These no-bake blueberry cheesecake bars are a cool, creamy, and easy summer dessert made with a buttery graham cracker crust, a smooth cheesecake filling, sweet blueberry pie topping, and a fluffy whipped layer. Because there is no oven required, this recipe is especially convenient for warm days when you want something refreshing without heating up the kitchen. The bars slice beautifully after chilling and are a great make-ahead dessert for family barbecues, potlucks, holidays, or casual weekend gatherings.

Ingredients
- Graham Crackers: Graham cracker crumbs make the crunchy base for these no-bake cheesecake bars. If you do not have graham crackers, vanilla wafers can be used as a substitute.
- Sugar: This recipe uses brown sugar, granulated sugar, and powdered sugar.
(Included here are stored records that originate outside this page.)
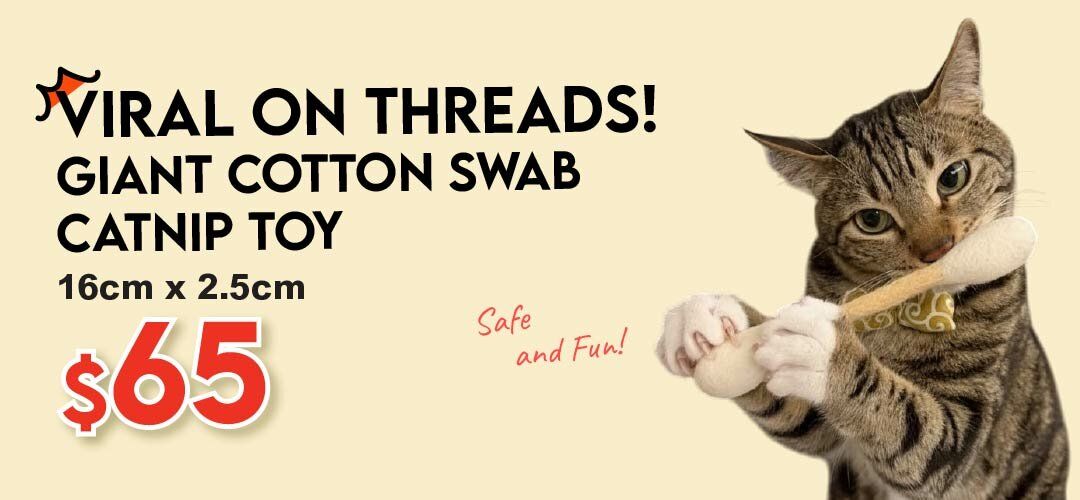 newfeed_cottonswab_20260209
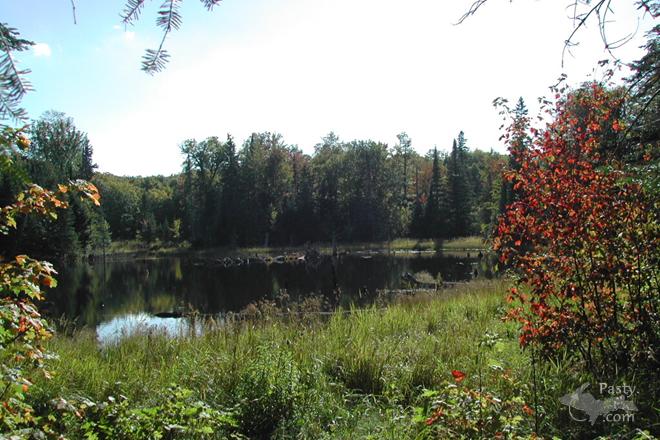 Photo by Tracey Barrett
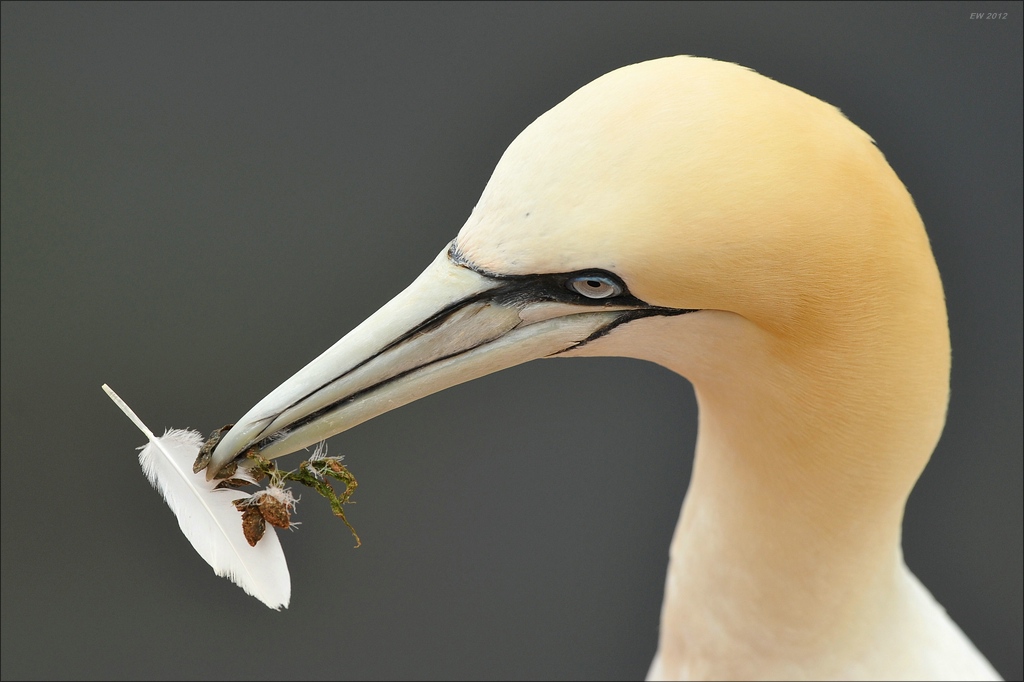 aaacomp Helgoland 20120629 4136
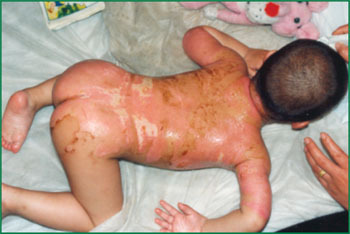 zoty中欧·(中国有限公司)官方网站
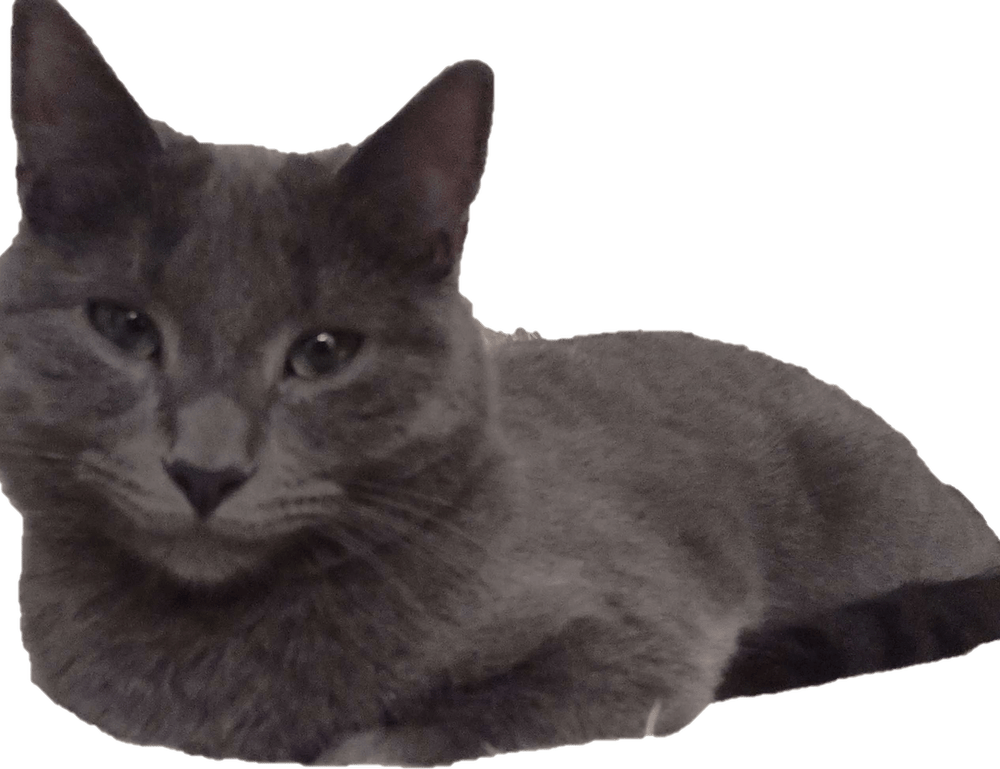 download grandiamod1.2 pc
Each one plays a different role in flavor and texture, so the bars will not turn out quite the same if one is left out.
- Butter: Melted butter helps bind the graham cracker crumbs into a firm crust. Salted butter works well in this recipe.
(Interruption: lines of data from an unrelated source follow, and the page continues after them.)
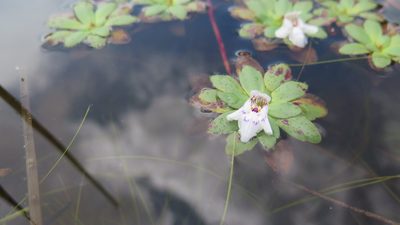 Lindernia conferta, photographed by Suvarna Parbhoo Mohan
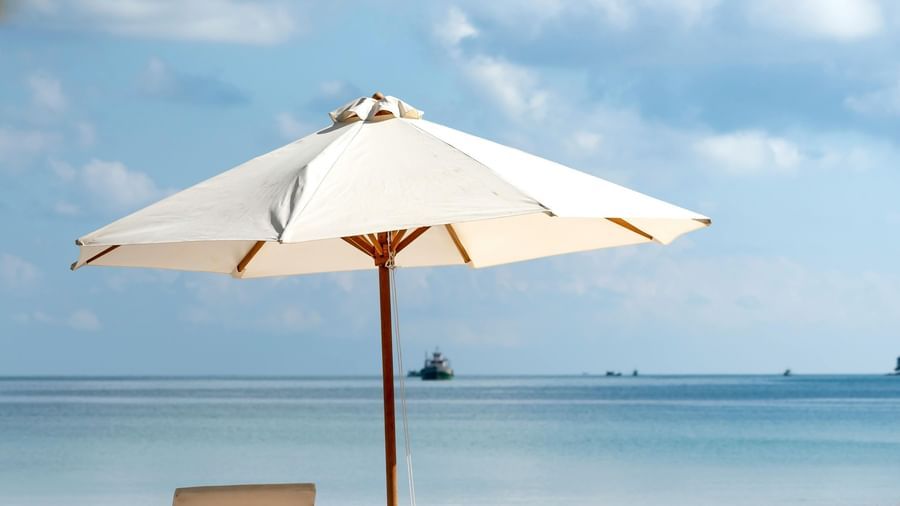 pexels-quang-nguyen-vinh-3355732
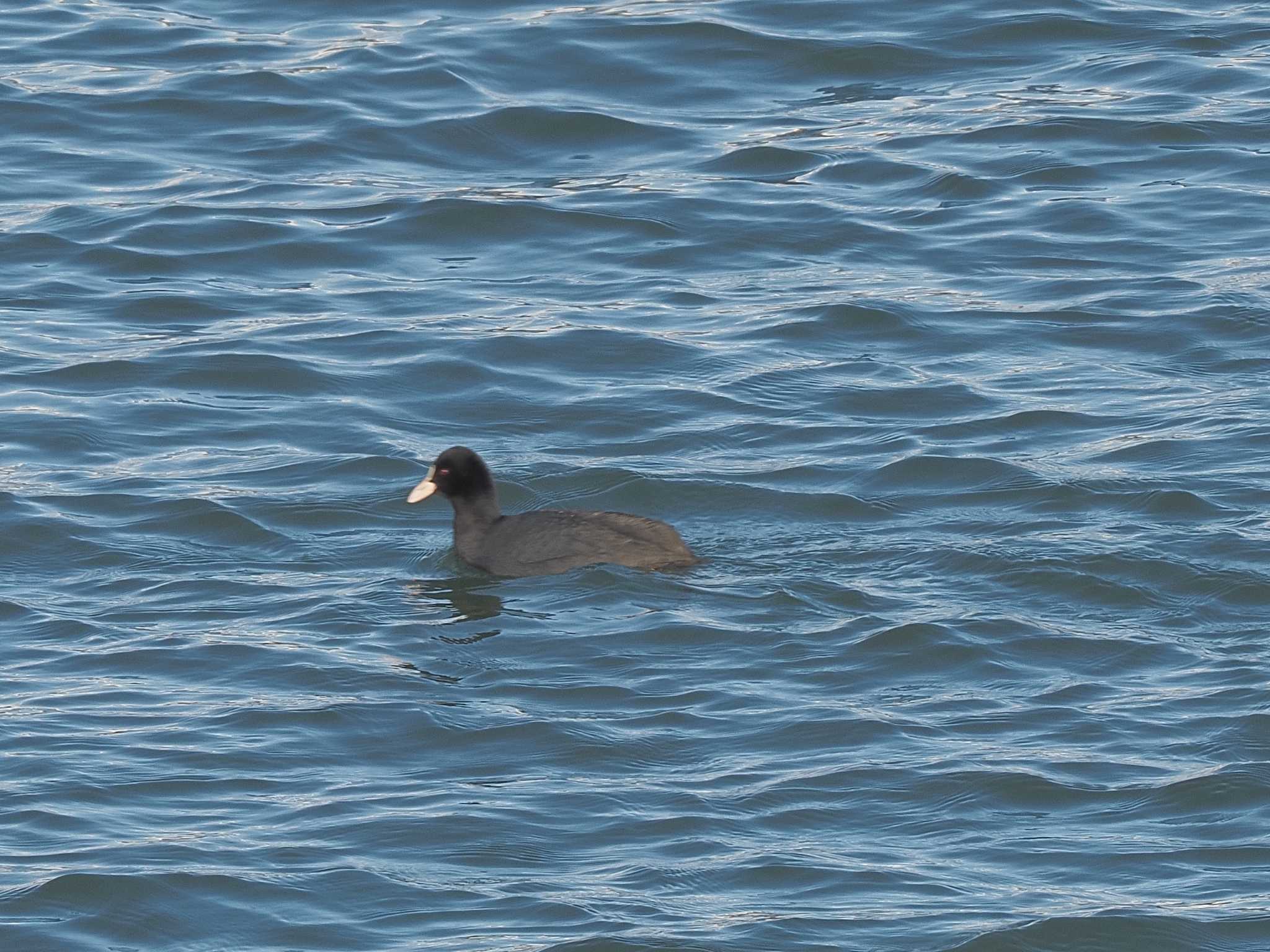 Photo of Eurasian Coot at 笠松みなと公園 by MaNu猫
- Cream Cheese: For the best flavor and texture, use full-fat brick-style cream cheese. Reduced-fat cream cheese will work, but the filling will not be as rich and creamy.
- Cool Whip: Use regular Cool Whip rather than light or fat-free. The regular version helps the cheesecake layer and topping hold their shape better.
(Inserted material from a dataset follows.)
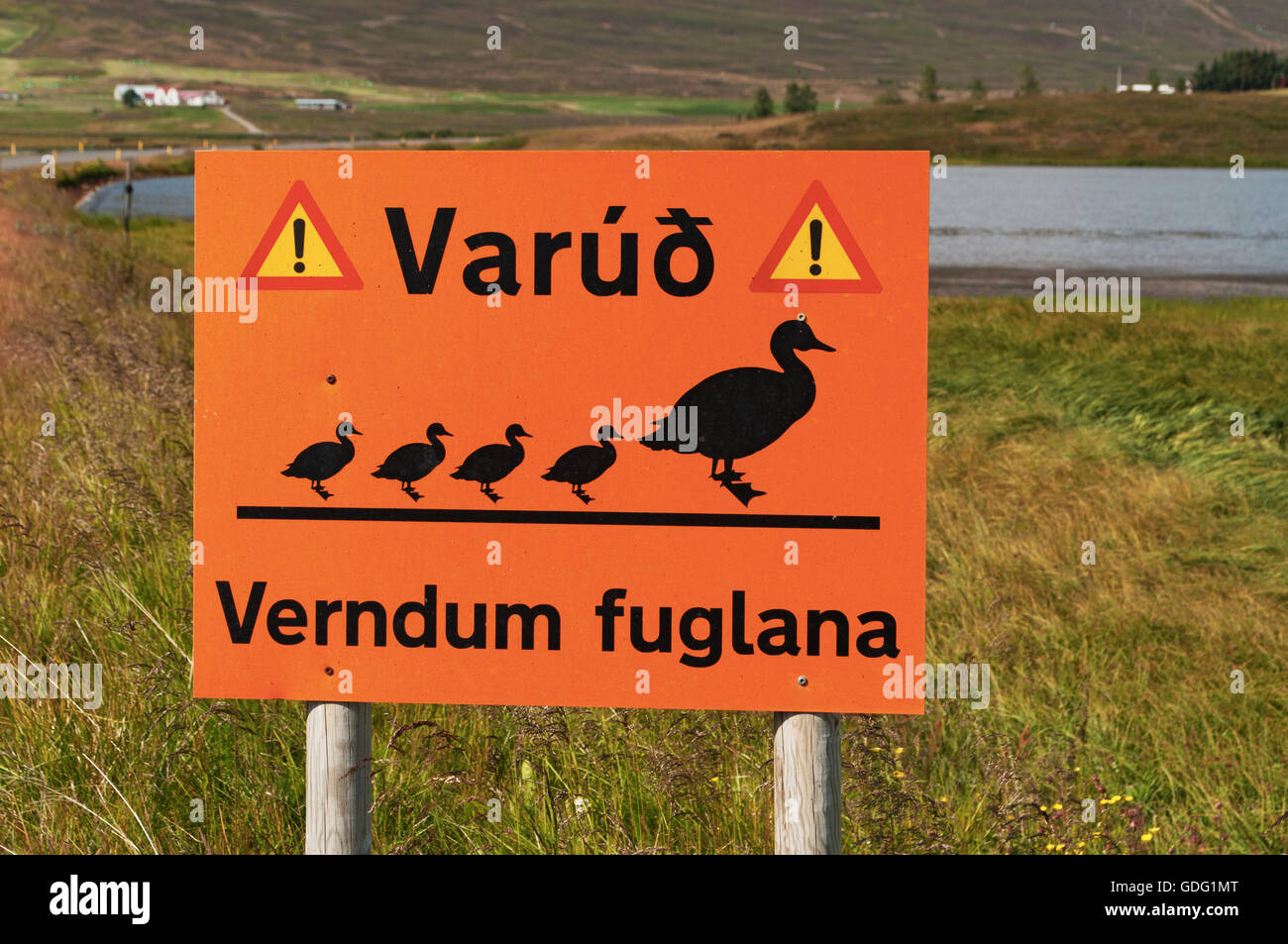 Island: Warnzeichen für die Passage von Enten in den Fjord von Akureyri, der Hauptstadt des Nordens Stockfoto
- Vanilla Extract: Real vanilla extract gives the filling a deeper, more natural flavor than imitation vanilla.
- Blueberry Pie Filling: Canned blueberry pie filling keeps this dessert simple and quick, but homemade blueberry pie filling may also be used if you prefer.
How To Make No-Bake Blueberry Cheesecake Bars
- Line a 9 x 13-inch baking dish with aluminum foil, leaving about 2 inches hanging over the sides. Lightly coat the foil with non-stick cooking spray so the bars are easier to remove after chilling.
- In a medium bowl, stir together the graham cracker crumbs, brown sugar, and melted butter with a fork until the crumbs are evenly coated. Pour the mixture into the prepared baking dish and press it firmly into an even layer. Refrigerate the crust for 10 minutes so it can begin to set.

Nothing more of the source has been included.